Please print out every line of the material, unchanged.

────────────────

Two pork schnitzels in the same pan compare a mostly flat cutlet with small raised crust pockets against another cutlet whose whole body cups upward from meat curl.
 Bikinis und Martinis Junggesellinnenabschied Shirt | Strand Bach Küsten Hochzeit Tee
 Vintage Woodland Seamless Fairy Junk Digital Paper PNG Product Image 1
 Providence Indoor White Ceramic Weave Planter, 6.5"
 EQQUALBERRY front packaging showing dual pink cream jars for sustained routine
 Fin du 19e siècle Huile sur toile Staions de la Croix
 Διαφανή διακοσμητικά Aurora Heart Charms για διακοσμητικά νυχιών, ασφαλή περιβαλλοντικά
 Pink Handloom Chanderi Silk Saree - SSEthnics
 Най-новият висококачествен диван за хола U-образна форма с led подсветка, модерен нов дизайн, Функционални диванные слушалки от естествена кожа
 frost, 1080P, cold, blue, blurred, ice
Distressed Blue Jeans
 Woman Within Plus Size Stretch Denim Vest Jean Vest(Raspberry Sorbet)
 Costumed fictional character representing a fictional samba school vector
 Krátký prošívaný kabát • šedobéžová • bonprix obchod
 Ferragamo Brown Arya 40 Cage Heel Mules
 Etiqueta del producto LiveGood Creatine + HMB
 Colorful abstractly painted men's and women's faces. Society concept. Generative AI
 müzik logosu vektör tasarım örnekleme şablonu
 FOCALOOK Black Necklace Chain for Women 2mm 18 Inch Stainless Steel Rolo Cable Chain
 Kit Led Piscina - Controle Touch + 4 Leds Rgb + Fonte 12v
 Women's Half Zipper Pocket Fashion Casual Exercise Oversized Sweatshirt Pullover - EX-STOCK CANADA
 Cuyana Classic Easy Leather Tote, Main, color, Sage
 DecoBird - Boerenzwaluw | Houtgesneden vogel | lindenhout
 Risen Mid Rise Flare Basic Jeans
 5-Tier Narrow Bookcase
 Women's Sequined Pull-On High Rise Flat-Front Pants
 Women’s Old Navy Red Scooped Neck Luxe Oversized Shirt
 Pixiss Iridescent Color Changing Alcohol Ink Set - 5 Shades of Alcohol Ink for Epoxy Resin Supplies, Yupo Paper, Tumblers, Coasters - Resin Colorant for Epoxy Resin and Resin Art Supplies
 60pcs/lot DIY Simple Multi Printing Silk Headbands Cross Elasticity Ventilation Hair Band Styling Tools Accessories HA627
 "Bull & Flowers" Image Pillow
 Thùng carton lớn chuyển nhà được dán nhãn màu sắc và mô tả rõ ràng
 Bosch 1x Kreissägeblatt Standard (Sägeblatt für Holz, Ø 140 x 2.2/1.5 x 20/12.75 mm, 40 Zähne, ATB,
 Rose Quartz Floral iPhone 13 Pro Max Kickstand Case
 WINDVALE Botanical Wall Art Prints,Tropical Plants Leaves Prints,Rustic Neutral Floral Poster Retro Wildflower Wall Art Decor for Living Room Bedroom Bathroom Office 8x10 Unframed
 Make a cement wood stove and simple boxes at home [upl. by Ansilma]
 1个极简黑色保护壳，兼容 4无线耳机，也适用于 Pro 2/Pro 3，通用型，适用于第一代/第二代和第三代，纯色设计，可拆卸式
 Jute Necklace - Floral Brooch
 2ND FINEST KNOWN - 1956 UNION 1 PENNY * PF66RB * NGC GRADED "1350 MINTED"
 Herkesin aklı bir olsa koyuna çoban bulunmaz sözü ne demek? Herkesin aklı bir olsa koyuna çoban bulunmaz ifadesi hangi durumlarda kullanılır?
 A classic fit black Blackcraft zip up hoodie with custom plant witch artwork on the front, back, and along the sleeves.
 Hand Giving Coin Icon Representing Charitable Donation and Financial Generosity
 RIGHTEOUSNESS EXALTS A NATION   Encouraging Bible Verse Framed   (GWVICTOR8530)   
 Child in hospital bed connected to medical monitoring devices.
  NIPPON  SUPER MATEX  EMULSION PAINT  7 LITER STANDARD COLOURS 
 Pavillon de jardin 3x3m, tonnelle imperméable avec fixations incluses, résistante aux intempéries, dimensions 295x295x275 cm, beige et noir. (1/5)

────────────────

-- Solution for this task --
Two pork schnitzels in the same pan compare a mostly flat cutlet with small raised crust pockets against another cutlet whose whole body cups upward from meat curl.
 Bikinis und Martinis Junggesellinnenabschied Shirt | Strand Bach Küsten Hochzeit Tee
 Vintage Woodland Seamless Fairy Junk Digital Paper PNG Product Image 1
 Providence Indoor White Ceramic Weave Planter, 6.5"
 EQQUALBERRY front packaging showing dual pink cream jars for sustained routine
 Fin du 19e siècle Huile sur toile Staions de la Croix
 Διαφανή διακοσμητικά Aurora Heart Charms για διακοσμητικά νυχιών, ασφαλή περιβαλλοντικά
 Pink Handloom Chanderi Silk Saree - SSEthnics
 Най-новият висококачествен диван за хола U-образна форма с led подсветка, модерен нов дизайн, Функционални диванные слушалки от естествена кожа
 frost, 1080P, cold, blue, blurred, ice
Distressed Blue Jeans
 Woman Within Plus Size Stretch Denim Vest Jean Vest(Raspberry Sorbet)
 Costumed fictional character representing a fictional samba school vector
 Krátký prošívaný kabát • šedobéžová • bonprix obchod
 Ferragamo Brown Arya 40 Cage Heel Mules
 Etiqueta del producto LiveGood Creatine + HMB
 Colorful abstractly painted men's and women's faces. Society concept. Generative AI
 müzik logosu vektör tasarım örnekleme şablonu
 FOCALOOK Black Necklace Chain for Women 2mm 18 Inch Stainless Steel Rolo Cable Chain
 Kit Led Piscina - Controle Touch + 4 Leds Rgb + Fonte 12v
 Women's Half Zipper Pocket Fashion Casual Exercise Oversized Sweatshirt Pullover - EX-STOCK CANADA
 Cuyana Classic Easy Leather Tote, Main, color, Sage
 DecoBird - Boerenzwaluw | Houtgesneden vogel | lindenhout
 Risen Mid Rise Flare Basic Jeans
 5-Tier Narrow Bookcase
 Women's Sequined Pull-On High Rise Flat-Front Pants
 Women’s Old Navy Red Scooped Neck Luxe Oversized Shirt
 Pixiss Iridescent Color Changing Alcohol Ink Set - 5 Shades of Alcohol Ink for Epoxy Resin Supplies, Yupo Paper, Tumblers, Coasters - Resin Colorant for Epoxy Resin and Resin Art Supplies
 60pcs/lot DIY Simple Multi Printing Silk Headbands Cross Elasticity Ventilation Hair Band Styling Tools Accessories HA627
 "Bull & Flowers" Image Pillow
 Thùng carton lớn chuyển nhà được dán nhãn màu sắc và mô tả rõ ràng
 Bosch 1x Kreissägeblatt Standard (Sägeblatt für Holz, Ø 140 x 2.2/1.5 x 20/12.75 mm, 40 Zähne, ATB,
 Rose Quartz Floral iPhone 13 Pro Max Kickstand Case
 WINDVALE Botanical Wall Art Prints,Tropical Plants Leaves Prints,Rustic Neutral Floral Poster Retro Wildflower Wall Art Decor for Living Room Bedroom Bathroom Office 8x10 Unframed
 Make a cement wood stove and simple boxes at home [upl. by Ansilma]
 1个极简黑色保护壳，兼容 4无线耳机，也适用于 Pro 2/Pro 3，通用型，适用于第一代/第二代和第三代，纯色设计，可拆卸式
 Jute Necklace - Floral Brooch
 2ND FINEST KNOWN - 1956 UNION 1 PENNY * PF66RB * NGC GRADED "1350 MINTED"
 Herkesin aklı bir olsa koyuna çoban bulunmaz sözü ne demek? Herkesin aklı bir olsa koyuna çoban bulunmaz ifadesi hangi durumlarda kullanılır?
 A classic fit black Blackcraft zip up hoodie with custom plant witch artwork on the front, back, and along the sleeves.
 Hand Giving Coin Icon Representing Charitable Donation and Financial Generosity
 RIGHTEOUSNESS EXALTS A NATION   Encouraging Bible Verse Framed   (GWVICTOR8530)   
 Child in hospital bed connected to medical monitoring devices.
  NIPPON  SUPER MATEX  EMULSION PAINT  7 LITER STANDARD COLOURS 
 Pavillon de jardin 3x3m, tonnelle imperméable avec fixations incluses, résistante aux intempéries, dimensions 295x295x275 cm, beige et noir. (1/5)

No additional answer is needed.